The need for anesthesia seems to be especially linked to survivors of sexual abuse. The anesthesia can take many forms. Perhaps the best known form of anesthesia is alcohol, although alcohol is not the only form of anesthesia that is currently widely used.
Drugs are very popular in the adolescent groups that I facilitate. Marijuana, crack cocaine, and heroin are the most commonly abused drugs at the present time in these groups. Eating disorders are also closely tied to sexual abuse. Younger adolescent survivors seem to have a higher proportion of anorexia nervosa or bulimia. Older survivors seem to suffer most often from binge eating disorder or compulsive overeating. Survivors are at a very high risk of developing addictions whenever they begin to abuse a substance. When the survivor’s substance abuse begins it may well be the very first time that he or she has been able to block out the emotional pain of sexual abuse.
Survivors may not only abuse substances. They may also develop compulsive behaviors that may deaden the emotional pain of the sexual abuse. The most commonly used compulsive behaviors include compulsive gambling, compulsive spending, compulsive television watching or video-game playing, compulsive overeating, and countless other possible compulsive behaviors.

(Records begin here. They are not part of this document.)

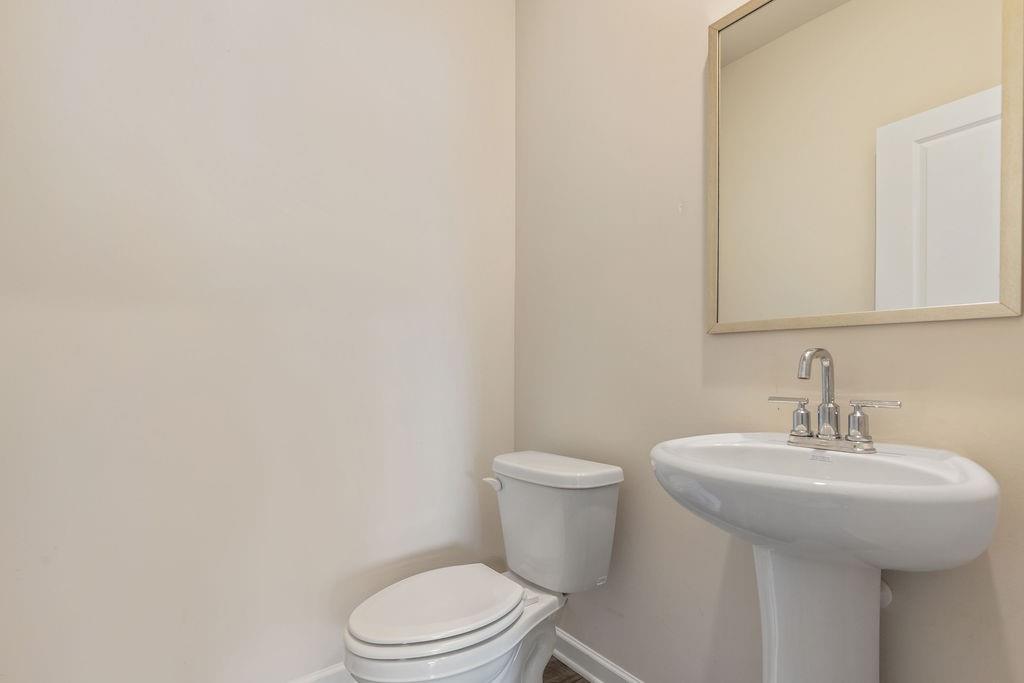 6901 Durham Lane Fairburn, GA 30213 - Photo 7 of 28 a bathroom with a sink a toilet and mirror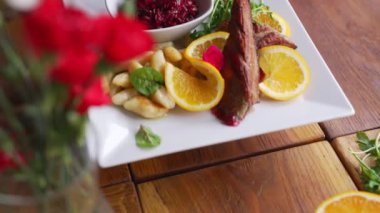 Portakal dilimleri, nane yaprakları ve patates köfteleriyle beyaz tabakta servis edilen ördek filetosu..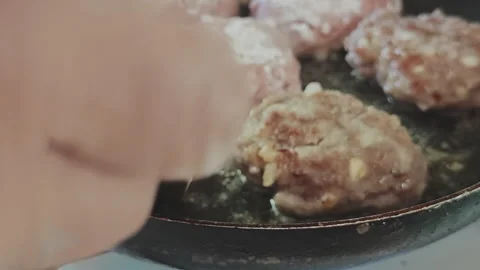 Cook's hand is seen using a wooden spatula to flip sizzling minced pork Stock Footage 345971500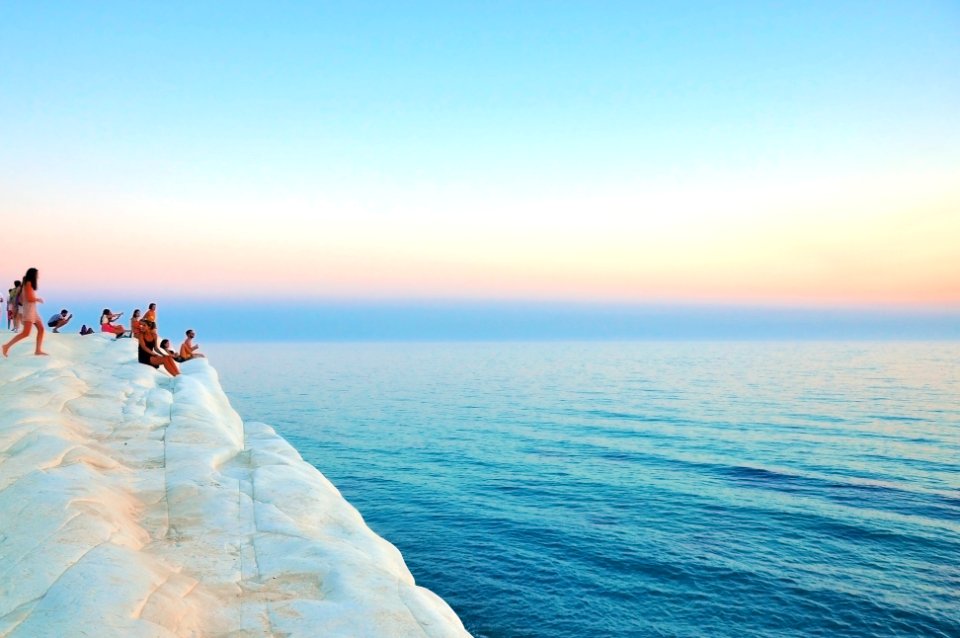 group of people sitting on white limestone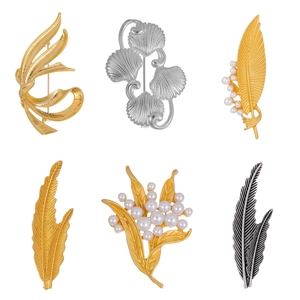 Assorted vintage matte gold and silver brooches featuring wheat ears and feathers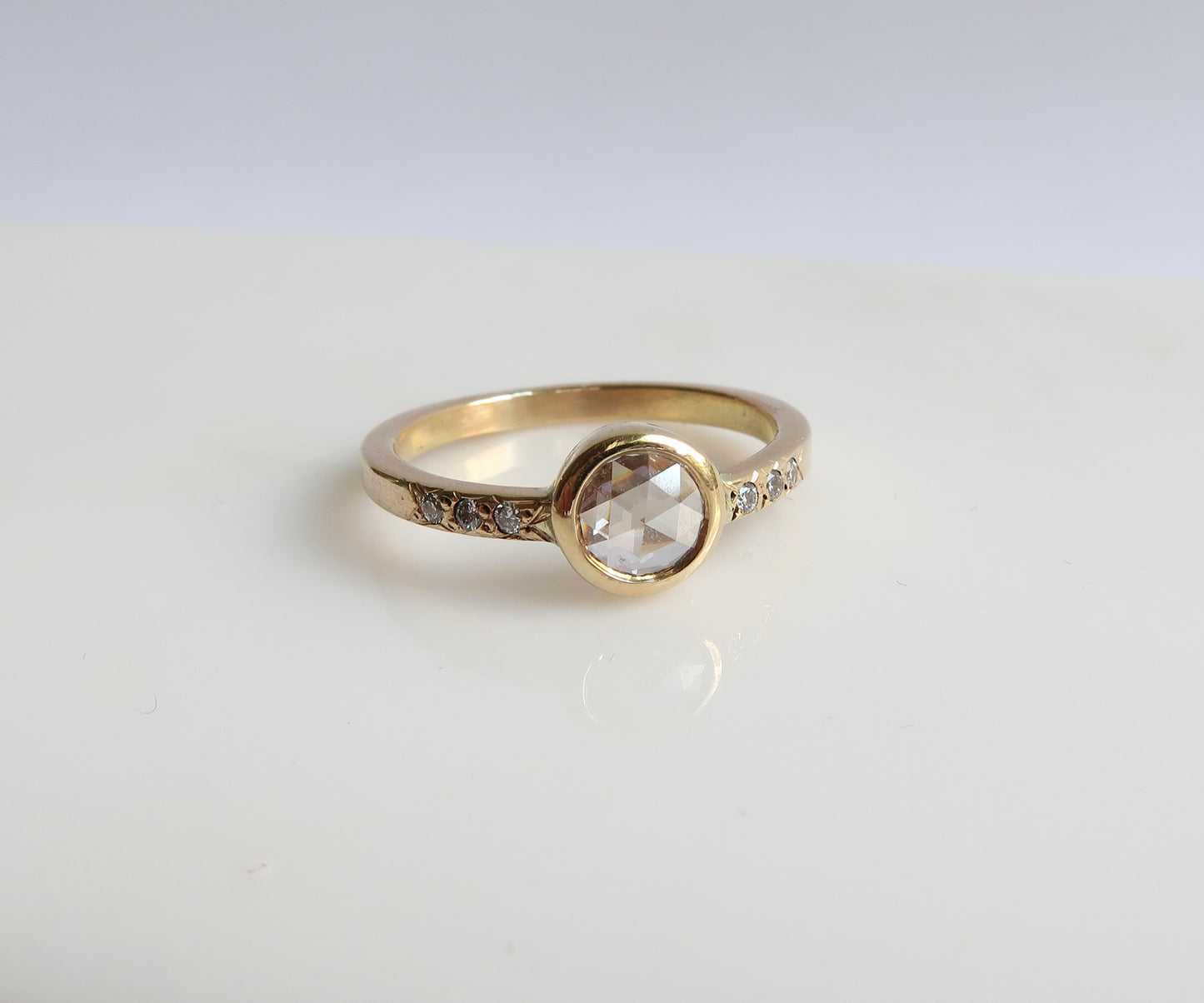 Bezel set rose cut diamond ring in yellow gold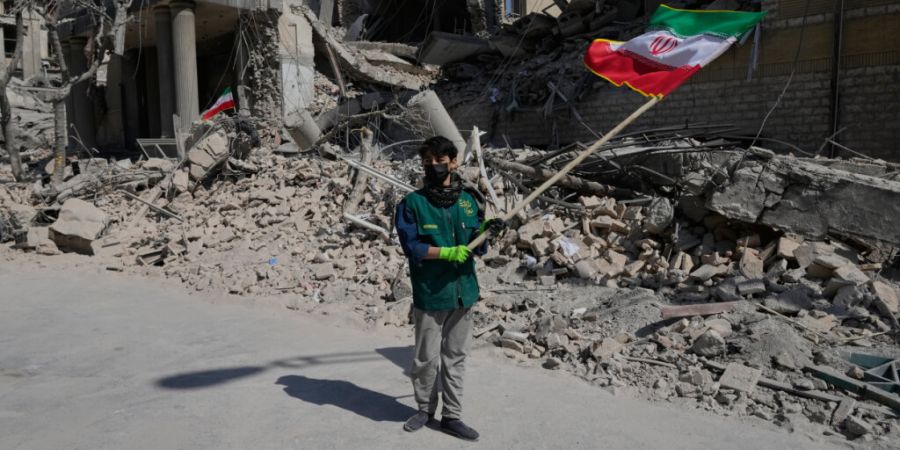 dpatopbilder - Ein Junge schwenkt eine iranische Flagge vor einer Polizeieinrichtung, die während der amerikanisch-israelischen Militäraktion  getroffen wurde. Foto: Vahid Salemi/AP/dpa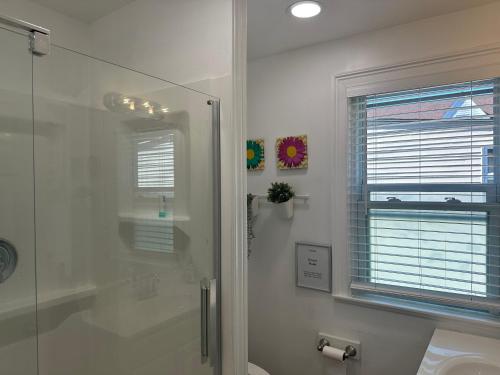 a bathroom with a shower and a toilet and a window at Cozy Private bedrooms Kitchen Wifi in Englewood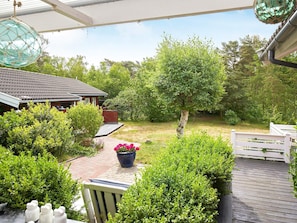 A covered outdoor area with a wooden deck, a potted plant with flowers, and a view of a house with a tiled roof.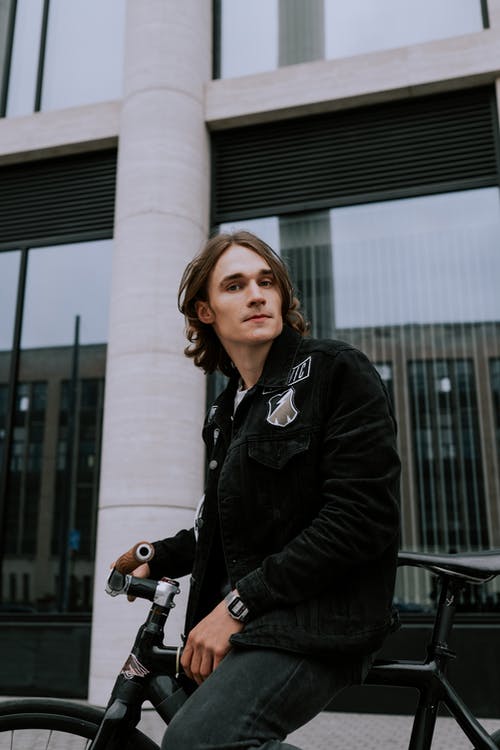 拿着白色和黑色照相机的黑夹克的妇女 · 免费素材图片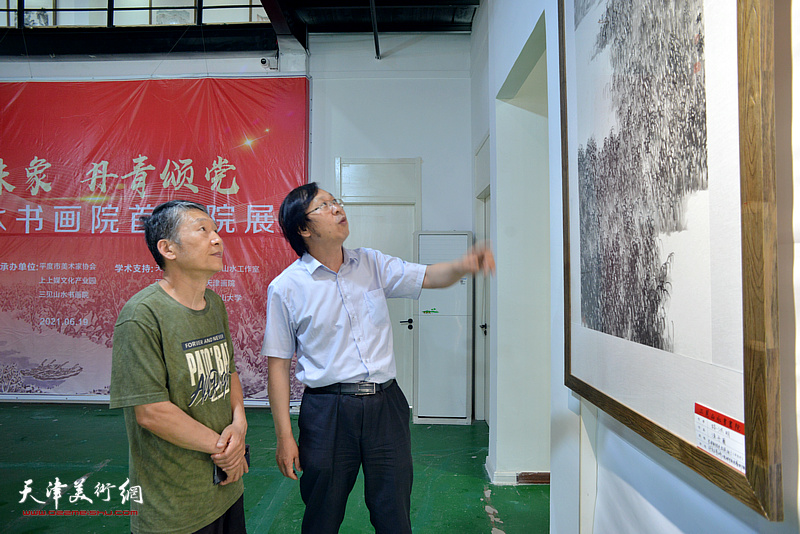 陈学文、路洪明在画展现场观看展出的作品。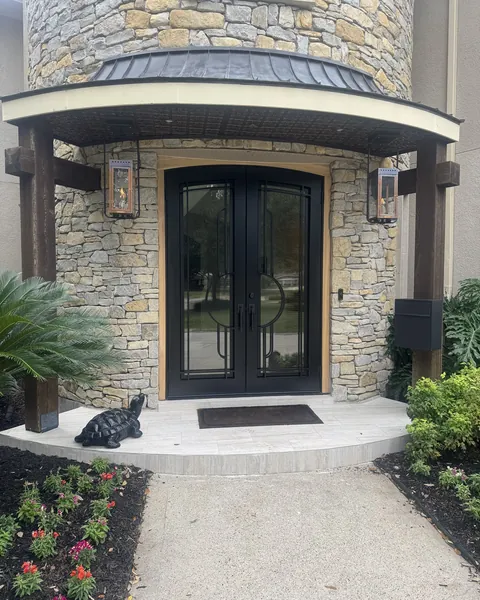 Arched black iron double doors with glass in a stone entry under copper lanterns
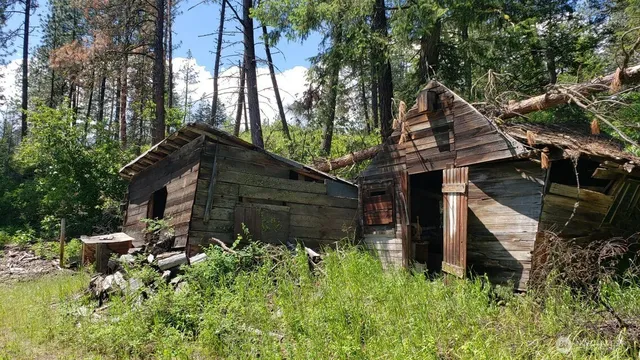 a backyard of a house with lots of green space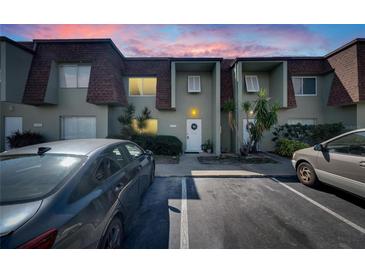 Charming townhome featuring a well-maintained facade, inviting entrance, and convenient parking at 1370 70Th N St # 2-1382, St Petersburg, FL 33710
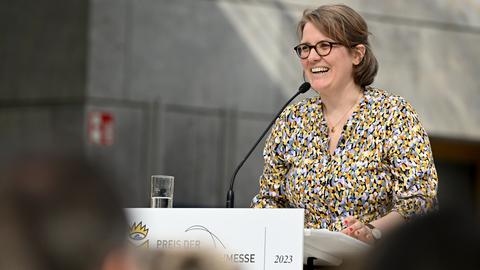 Johanna Schwering steht am Rednerpult auf der Leipziger Buchmesse. Sie trägt Brille und eine bunte Bluse. Im Vordergrund sind unscharf weitere Besucher der Messe zu sehen.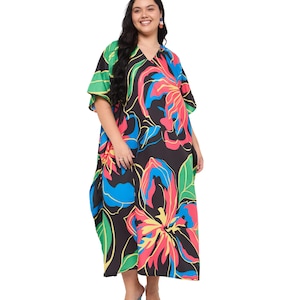 May include: A loose-fitting kaftan dress featuring a black base with a vibrant, large-scale floral print in shades of bright pink, electric blue, yellow, and green. The garment has a V-neckline, short wide sleeves, and a flowing, ankle-length silhouette.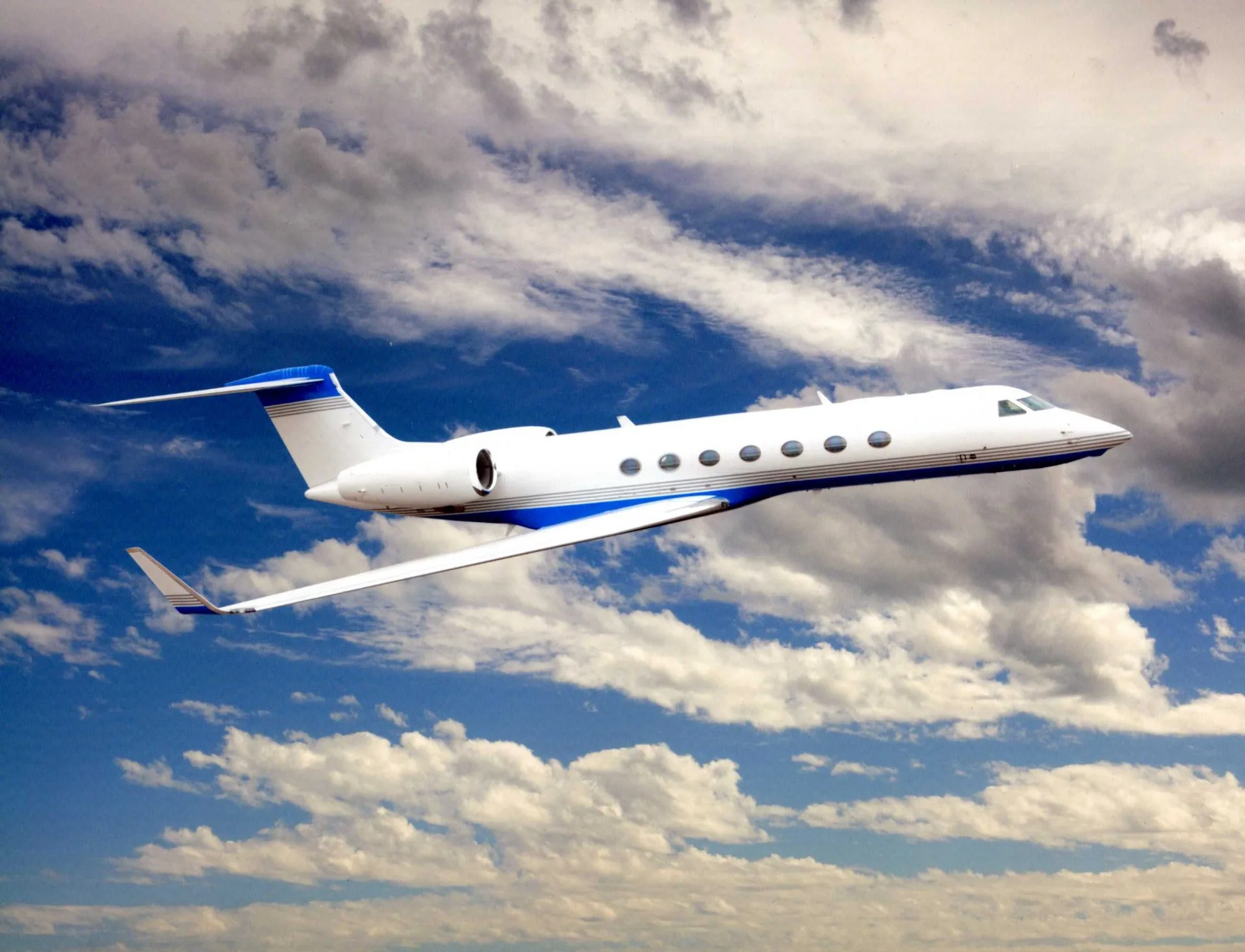 A white business jet with blue stripes flies through a partly cloudy blue sky.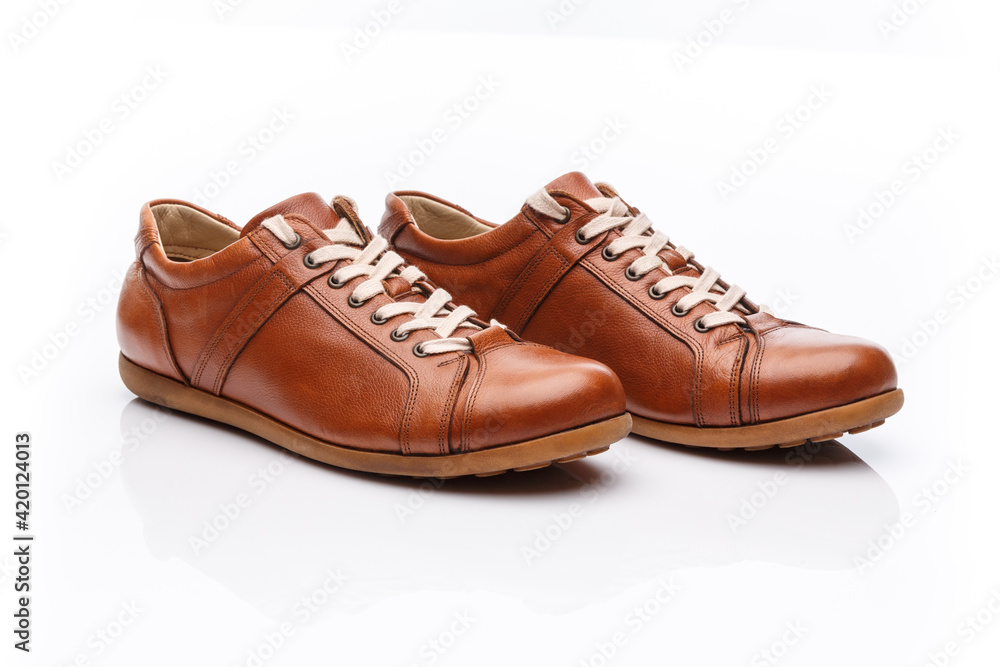 Pair of brown leather men's shoes on a white background.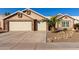 Beautiful two-story home with a landscaped front yard and two-car garage at 4220 E Thistle Landing Dr, Phoenix, AZ 85044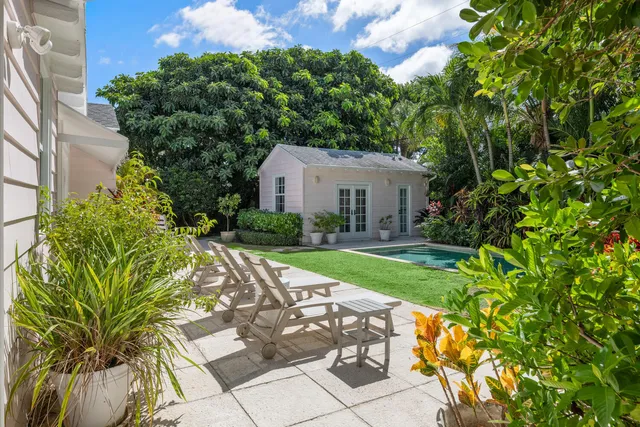 a view of a house with a yard porch and sitting area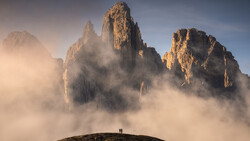 Two hikers standing on a hillside facing towering rock peaks shrouded in mist and clouds.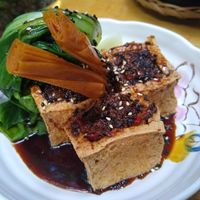 Fried tofu filled with savoury mushrooms, on a sweet soy sauce and steamed Pak choi at Ong Tao Vegan in Frankfurt
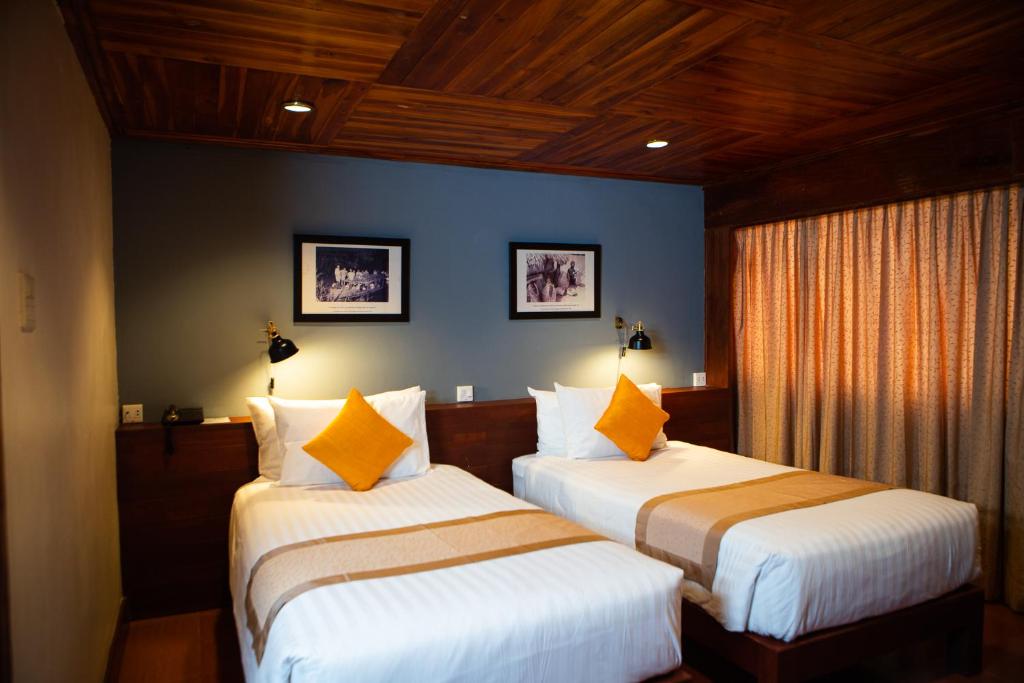 巴色Pakse hotel & Restaurant的蓝色墙壁客房的两张床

Whatever addiction or compulsive behavior the survivor employs, the intention is always the same: to deaden the emotional pain of sexual abuse. Are survivors consciously aware that they are attempting to deaden the pain of abuse? I believe that most of the attempts to deaden the pain occur on an unconscious level. The survivor is only aware that it feels good not to think about the abuse for just a little while. The more successful the survivor is in using a certain tactic to deaden the pain, the more apt the survivor is to develop an addiction to that tactic.
Pg. 24
Kristie, a fifteen year-old survivor, summed up what this book is intended to be all about. Kristie looked me in the eye and said,
Sometimes we get loud and laugh because we are tired of feeling depressed and sad. For just a little while we want to forget and laugh. If we act different or talk about stuff that seems as if we don't care about what has happened to us it's only because we want or need to get our minds off of what has happened. It's like just for a little while you can focus on something else or do something else that makes us not feel what has happened to us and how much it has hurt us.
P. 25
When we hurt, we will do whatever it takes to keep from feeling the pain until we are ultimately able to endure and deal with what has hurt us.
The real basis of addictive or compulsive behaviors is our alienation from our innermost feelings and thoughts. If we are shame based and feel that we are "worth less" than others, we many engage in addictive or compulsive behaviors as a way to decrease the amount of discomfort we feel. As we use more of the abused substance or compulsive behavior we feel greater shame, which leads to increased use; so the cycle continues.